What follows is a thrilling, sad, hilarious, and completely unpredictable. Lethem's writing is perfect on every level, including stylistically. The restrained grace of his prose frequently explodes into epic obscenities and mangled freestyle poetry, anagrams and lyrical nonsense, an inspired fusion of Dr. Seuss and William S. Burroughs. I've been reading Lethem's books for a couple years now, spacing them out to savor them. I was almost reluctant to start 'Motherless Brooklyn', since it's regarded by many as his masterpiece. It is. But the good news is that he's still young, and I think he'll be tucking a Pulitzer under his arm, one of these days.
Lionel, the detective and narrator of "Motherless Brooklyn", is prone to sudden verbal tics -- he'll start rhyming his own name, for example -- or to adjusting people's collars.
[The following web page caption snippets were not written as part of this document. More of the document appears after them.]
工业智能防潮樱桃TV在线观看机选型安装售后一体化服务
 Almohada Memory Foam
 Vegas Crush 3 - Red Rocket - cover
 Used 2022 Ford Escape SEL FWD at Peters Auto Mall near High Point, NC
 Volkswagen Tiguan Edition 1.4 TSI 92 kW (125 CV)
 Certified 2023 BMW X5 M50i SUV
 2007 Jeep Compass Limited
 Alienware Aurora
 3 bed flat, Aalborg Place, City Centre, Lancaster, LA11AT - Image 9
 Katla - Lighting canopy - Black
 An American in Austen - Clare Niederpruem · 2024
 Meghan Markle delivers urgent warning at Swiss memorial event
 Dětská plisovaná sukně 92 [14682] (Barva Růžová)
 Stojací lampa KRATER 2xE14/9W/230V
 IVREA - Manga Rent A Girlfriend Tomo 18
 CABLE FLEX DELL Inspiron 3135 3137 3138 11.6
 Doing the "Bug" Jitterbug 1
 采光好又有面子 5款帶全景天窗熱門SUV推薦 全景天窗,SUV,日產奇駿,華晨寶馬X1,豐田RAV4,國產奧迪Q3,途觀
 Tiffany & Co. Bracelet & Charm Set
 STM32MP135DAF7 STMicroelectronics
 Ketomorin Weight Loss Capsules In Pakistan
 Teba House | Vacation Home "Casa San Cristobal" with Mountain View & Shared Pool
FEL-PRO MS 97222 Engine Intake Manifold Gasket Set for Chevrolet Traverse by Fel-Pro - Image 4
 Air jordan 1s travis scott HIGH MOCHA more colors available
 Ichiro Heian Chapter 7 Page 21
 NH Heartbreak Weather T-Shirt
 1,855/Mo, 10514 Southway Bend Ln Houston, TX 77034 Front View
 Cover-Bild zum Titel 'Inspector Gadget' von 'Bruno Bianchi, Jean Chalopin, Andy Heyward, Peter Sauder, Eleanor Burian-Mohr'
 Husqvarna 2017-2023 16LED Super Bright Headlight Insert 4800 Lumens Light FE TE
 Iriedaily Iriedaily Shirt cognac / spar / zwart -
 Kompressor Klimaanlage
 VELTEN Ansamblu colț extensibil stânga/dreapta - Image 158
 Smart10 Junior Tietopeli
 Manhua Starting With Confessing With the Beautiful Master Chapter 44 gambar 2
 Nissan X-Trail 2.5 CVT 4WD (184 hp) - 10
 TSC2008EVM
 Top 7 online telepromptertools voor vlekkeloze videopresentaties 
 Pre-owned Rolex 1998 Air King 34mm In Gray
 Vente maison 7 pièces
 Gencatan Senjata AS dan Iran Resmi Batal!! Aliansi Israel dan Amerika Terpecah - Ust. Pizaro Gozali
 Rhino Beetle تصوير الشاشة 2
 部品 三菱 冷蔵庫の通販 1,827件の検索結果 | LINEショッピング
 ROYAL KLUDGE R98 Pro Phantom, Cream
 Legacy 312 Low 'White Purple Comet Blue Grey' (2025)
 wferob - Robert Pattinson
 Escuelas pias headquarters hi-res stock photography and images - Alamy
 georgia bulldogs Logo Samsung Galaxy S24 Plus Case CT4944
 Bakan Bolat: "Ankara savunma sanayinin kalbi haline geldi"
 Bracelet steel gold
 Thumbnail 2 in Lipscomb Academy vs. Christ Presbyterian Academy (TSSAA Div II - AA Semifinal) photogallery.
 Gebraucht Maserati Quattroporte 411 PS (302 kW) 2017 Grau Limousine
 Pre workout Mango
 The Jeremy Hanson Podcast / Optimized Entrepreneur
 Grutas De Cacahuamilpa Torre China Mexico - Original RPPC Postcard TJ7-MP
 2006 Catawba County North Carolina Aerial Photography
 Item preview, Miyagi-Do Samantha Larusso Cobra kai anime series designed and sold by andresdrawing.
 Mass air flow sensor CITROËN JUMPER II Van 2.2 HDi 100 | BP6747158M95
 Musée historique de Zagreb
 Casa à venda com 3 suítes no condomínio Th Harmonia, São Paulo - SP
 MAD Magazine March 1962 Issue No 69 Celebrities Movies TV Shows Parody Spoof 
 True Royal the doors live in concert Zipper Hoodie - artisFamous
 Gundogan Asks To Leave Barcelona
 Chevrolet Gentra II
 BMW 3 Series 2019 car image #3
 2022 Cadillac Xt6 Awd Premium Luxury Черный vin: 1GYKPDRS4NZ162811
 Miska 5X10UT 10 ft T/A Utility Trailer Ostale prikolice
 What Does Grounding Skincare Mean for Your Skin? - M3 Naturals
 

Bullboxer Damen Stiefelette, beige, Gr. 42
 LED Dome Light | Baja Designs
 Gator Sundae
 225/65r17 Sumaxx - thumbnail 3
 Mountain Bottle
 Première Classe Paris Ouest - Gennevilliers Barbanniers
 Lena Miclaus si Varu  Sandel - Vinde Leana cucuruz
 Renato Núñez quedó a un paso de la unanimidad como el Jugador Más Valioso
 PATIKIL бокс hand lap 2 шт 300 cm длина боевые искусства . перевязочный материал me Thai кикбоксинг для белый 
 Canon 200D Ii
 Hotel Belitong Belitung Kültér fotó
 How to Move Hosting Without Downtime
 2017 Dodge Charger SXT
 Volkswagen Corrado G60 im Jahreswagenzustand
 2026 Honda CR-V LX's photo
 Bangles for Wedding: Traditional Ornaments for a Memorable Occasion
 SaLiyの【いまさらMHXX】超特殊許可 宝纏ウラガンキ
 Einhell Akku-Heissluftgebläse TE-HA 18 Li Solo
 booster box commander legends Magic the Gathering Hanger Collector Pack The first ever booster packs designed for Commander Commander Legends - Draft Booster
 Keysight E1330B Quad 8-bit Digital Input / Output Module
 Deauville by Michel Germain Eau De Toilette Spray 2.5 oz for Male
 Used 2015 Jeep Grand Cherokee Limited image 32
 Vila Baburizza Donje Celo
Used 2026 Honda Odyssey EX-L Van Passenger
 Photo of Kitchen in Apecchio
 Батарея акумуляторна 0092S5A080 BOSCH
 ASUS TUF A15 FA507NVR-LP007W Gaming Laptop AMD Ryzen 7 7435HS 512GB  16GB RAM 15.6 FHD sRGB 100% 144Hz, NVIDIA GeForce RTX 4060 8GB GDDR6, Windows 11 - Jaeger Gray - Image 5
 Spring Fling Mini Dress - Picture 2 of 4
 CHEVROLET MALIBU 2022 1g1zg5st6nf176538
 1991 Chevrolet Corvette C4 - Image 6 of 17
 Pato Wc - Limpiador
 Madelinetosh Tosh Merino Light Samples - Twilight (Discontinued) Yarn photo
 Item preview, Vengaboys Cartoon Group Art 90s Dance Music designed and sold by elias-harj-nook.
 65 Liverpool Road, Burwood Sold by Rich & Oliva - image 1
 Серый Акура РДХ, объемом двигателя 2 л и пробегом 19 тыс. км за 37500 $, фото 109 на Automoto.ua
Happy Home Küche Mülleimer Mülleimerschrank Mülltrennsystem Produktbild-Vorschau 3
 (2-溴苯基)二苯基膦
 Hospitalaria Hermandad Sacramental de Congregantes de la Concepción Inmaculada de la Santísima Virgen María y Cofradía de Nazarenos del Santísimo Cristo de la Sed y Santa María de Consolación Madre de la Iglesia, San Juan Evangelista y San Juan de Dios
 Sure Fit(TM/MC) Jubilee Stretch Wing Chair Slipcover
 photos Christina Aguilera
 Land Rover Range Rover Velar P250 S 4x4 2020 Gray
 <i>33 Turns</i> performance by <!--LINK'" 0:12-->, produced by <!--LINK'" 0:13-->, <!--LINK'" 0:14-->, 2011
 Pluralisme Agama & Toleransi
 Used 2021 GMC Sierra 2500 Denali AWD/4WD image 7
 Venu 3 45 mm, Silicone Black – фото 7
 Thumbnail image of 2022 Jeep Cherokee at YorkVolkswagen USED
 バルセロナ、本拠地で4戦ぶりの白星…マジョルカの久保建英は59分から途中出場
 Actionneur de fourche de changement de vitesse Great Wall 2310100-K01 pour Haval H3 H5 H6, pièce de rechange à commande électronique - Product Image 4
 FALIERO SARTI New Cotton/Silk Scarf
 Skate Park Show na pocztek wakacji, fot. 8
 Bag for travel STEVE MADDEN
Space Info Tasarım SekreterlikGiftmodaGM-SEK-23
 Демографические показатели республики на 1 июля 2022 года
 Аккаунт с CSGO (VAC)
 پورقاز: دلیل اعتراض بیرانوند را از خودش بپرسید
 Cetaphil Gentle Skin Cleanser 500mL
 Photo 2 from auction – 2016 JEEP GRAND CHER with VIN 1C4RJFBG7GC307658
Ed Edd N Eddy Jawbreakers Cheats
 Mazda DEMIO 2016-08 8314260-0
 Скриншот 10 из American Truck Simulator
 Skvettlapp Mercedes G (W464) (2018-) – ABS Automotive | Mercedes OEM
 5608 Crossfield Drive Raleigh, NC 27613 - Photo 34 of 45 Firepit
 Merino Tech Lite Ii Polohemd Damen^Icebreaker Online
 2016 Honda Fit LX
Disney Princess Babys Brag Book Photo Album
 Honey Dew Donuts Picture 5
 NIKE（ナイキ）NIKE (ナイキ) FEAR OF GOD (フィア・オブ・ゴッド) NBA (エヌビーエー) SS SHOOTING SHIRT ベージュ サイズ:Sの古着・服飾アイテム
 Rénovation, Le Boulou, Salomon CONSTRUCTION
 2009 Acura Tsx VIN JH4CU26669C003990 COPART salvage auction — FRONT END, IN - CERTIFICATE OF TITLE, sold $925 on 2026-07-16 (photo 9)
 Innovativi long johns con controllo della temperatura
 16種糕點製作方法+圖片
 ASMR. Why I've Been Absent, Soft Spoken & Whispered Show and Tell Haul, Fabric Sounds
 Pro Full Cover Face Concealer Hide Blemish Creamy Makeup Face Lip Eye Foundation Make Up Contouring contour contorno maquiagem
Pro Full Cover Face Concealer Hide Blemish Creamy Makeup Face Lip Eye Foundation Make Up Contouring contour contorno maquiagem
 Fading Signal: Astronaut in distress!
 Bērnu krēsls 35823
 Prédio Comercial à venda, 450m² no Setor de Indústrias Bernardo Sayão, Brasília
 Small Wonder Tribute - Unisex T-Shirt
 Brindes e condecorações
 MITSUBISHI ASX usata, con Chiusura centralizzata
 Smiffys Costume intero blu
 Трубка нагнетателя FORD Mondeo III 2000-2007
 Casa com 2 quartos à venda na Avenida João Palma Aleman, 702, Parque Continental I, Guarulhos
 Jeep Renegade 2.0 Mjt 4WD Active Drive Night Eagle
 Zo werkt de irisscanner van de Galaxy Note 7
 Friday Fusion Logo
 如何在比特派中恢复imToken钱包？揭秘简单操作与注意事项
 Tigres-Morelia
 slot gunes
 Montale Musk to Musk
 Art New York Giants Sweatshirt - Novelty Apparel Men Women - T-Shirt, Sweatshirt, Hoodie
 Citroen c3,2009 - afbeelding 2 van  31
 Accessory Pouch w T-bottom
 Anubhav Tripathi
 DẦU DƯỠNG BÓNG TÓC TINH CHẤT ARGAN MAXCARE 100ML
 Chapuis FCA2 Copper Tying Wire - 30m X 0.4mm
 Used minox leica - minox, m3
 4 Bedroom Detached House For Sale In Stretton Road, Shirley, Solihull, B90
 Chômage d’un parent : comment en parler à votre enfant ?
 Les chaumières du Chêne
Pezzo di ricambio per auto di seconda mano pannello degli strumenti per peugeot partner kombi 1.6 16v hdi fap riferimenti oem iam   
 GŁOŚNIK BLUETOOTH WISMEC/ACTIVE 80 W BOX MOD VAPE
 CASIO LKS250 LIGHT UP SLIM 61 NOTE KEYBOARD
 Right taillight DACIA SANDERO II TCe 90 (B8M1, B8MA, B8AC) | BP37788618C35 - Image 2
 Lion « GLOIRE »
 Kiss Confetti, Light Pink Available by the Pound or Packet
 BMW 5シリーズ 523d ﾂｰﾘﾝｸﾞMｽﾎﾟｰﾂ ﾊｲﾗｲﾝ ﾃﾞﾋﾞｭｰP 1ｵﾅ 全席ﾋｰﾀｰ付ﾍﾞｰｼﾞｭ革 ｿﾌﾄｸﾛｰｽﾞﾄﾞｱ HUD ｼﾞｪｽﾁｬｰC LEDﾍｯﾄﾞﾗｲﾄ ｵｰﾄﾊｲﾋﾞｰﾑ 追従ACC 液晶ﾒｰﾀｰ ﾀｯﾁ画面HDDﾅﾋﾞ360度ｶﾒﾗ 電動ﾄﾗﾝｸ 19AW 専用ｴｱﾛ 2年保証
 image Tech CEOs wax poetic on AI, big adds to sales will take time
This makes him perhaps the most unsuited detective in the history of the genre. He would certainly not be out of place in a Coen Brothers movie (I'm thinking John Turturro here, or maybe Steve Buscemi, who read the audiobook).
Indeed the whole plot is Coen-esque. Lionel and three other characters are runners for a very small-time Brooklyn mob associate named Frank Minna, in the decidedly unglamorous Boerum Hill neighborhood. When Minna is found dead in a dumpster by the Pulaski Bridge (a horribly prosaic fate), his men are hunted one by one, and it's up to Lionel to find out who done it, and why. Jonathan Lethem populates the story with oddly-named characters such as Kimmery and Mr. Foible and Detective Seminole. With a world full of names such as these, it's easy to see why Lionel tics as much as he does.
Along the way are fascinating asides into how Lionel's mind works. He notes that Prince is perhaps the first Tourettic singer, and there's a glorious two page essay on the MAD Magazine art of Don Martin. Lethem also throws in some great New York-specific baseball references (Lee Mazzilli, Bucky Dent), and has Lionel think, while eating soup, "Tinker to Evers to chicken".
The mystery held less of my attention on the second read-through; for some reason, I was more confused than I was the first time. I think the two New Jersey gangsters, Matricardi and Rockaforte (or "Bricco and Stuckface") are a little off-key, but perhaps that's because they both have the overly-precise speech patterns of Joe Mantegna ("We wish to comfort you on this day of pain and misunderstanding...").
On the whole, "Motherless Brooklyn" is a very inventive spin on language, and uses its New York setting extremely well, hitting everything from the pattern of Upper East Side traffic lights, to the solitude of the G train. I dare you read it, and then not have Lionel-esque verbal tics for days afterward. Liable Guessfrog!